Can't tell if it's restored or not.


----------



## bentwoody66 (Feb 7, 2015)

Could very well be a survivor in my opinion.


----------



## bentwoody66 (Feb 7, 2015)

Would this be a Snyder or CWC built bike?


----------



## Robertriley (Feb 7, 2015)

Snyder I think.
  There should be some decals on it


----------



## JAF/CO (Feb 7, 2015)

this bike is snider built not cwc


----------



## mrg (Feb 10, 2015)

41 Snyder built Hawthorne American missing correct chainguard.


----------



## Robertriley (Feb 10, 2015)

Wrong rims, and I think the stem and bars were replaced too.....but still a great bike


----------



## mrg (Feb 10, 2015)

in 41 chrome started to get scarce, I have seen originals with black hubs & painted rims so you never know


----------



## Robertriley (Feb 10, 2015)

You are correct but I think I found a pic of this bike but it had the rims, stem and bars changed out. I'm 90% sure it's the same bike.  But there's still a chance that I'm incorrect.
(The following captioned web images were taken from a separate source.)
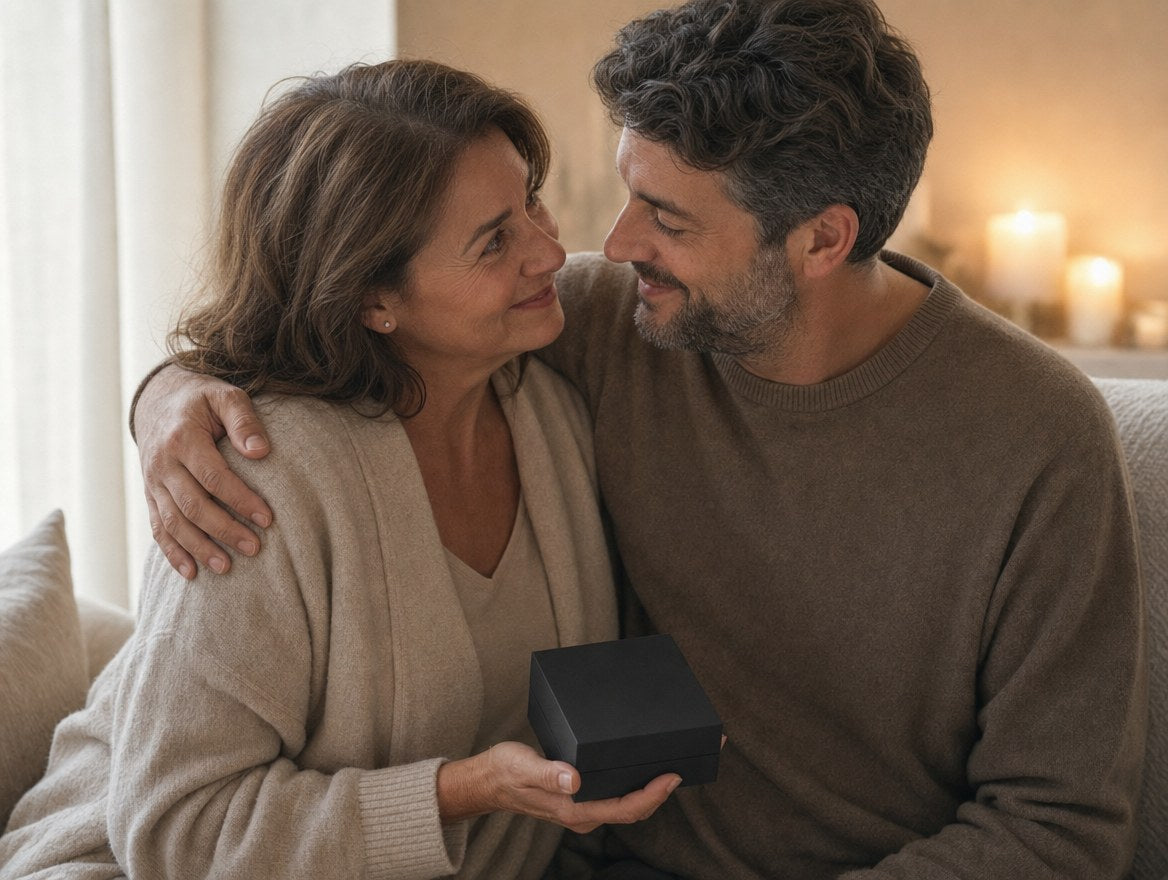 Husband gifting his wife a jewelry box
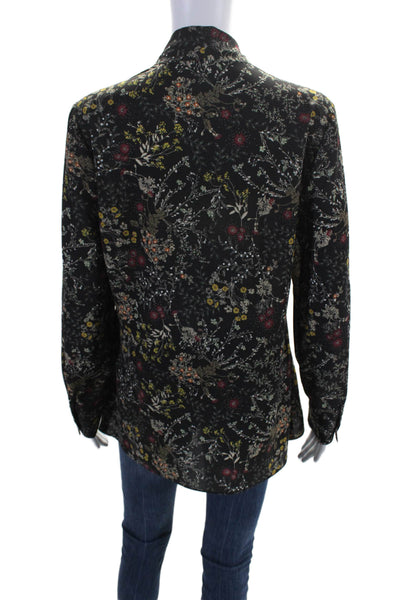 Donna Degnan Womens Floral Print Long Sleeve V Neck Blouse Black Size 4
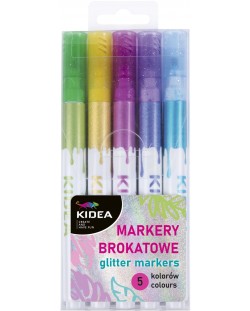 Комплект блестящи маркери Kidea - с брокат, 5 цвята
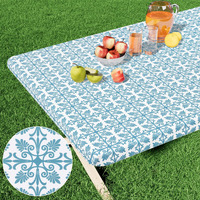 Misaya Rectangle Vinyl Table Cloth  Elastic Fitted Flannel Backed Tablecloth  100% Waterproof Plastic Table Cover Fits 5 Foot Folding Tables For Picnic  Camping  Outdoor (Aqua  30 "" X 60 "")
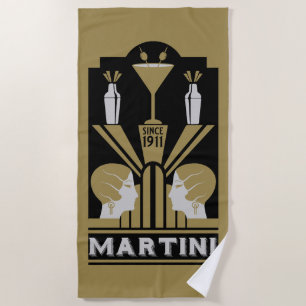 Toalha De Praia Vintage Martini Art Deco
Either way, nice bike and Bob,the seller is a good guy.


----------



## mrg (Feb 10, 2015)

was the chain guard there in the old pic ?, that's probably the hardest part !


----------



## Robertriley (Feb 11, 2015)

It was the same chain guard.


----------



## Robertriley (Feb 11, 2015)

*It's mine now*

My friend Terry and I were talking about this bike and he was asking me if I was going to pick it up at the last moment.  I told him I didn't need it but if it ends and nobody picks it up, I would grab it.  Well, nobody wanted it so I picked it up.   I will do more research on it to see whats right and whats wrong.  I'm not sure if it will make it into the "Keepers" group on not.   Time will tell.


----------



## Robertriley (Feb 11, 2015)

The 1941 "All American" can in single and two speeds.  The Advertised it for "As low as" $36.45 but picture the two speed.  Once you go down to the bottom of the add the sneaky people at Wards two options and one say as pictured for $40.20.


----------



## mrg (Feb 12, 2015)

wow 2 Hawthorne All American threads in one week


----------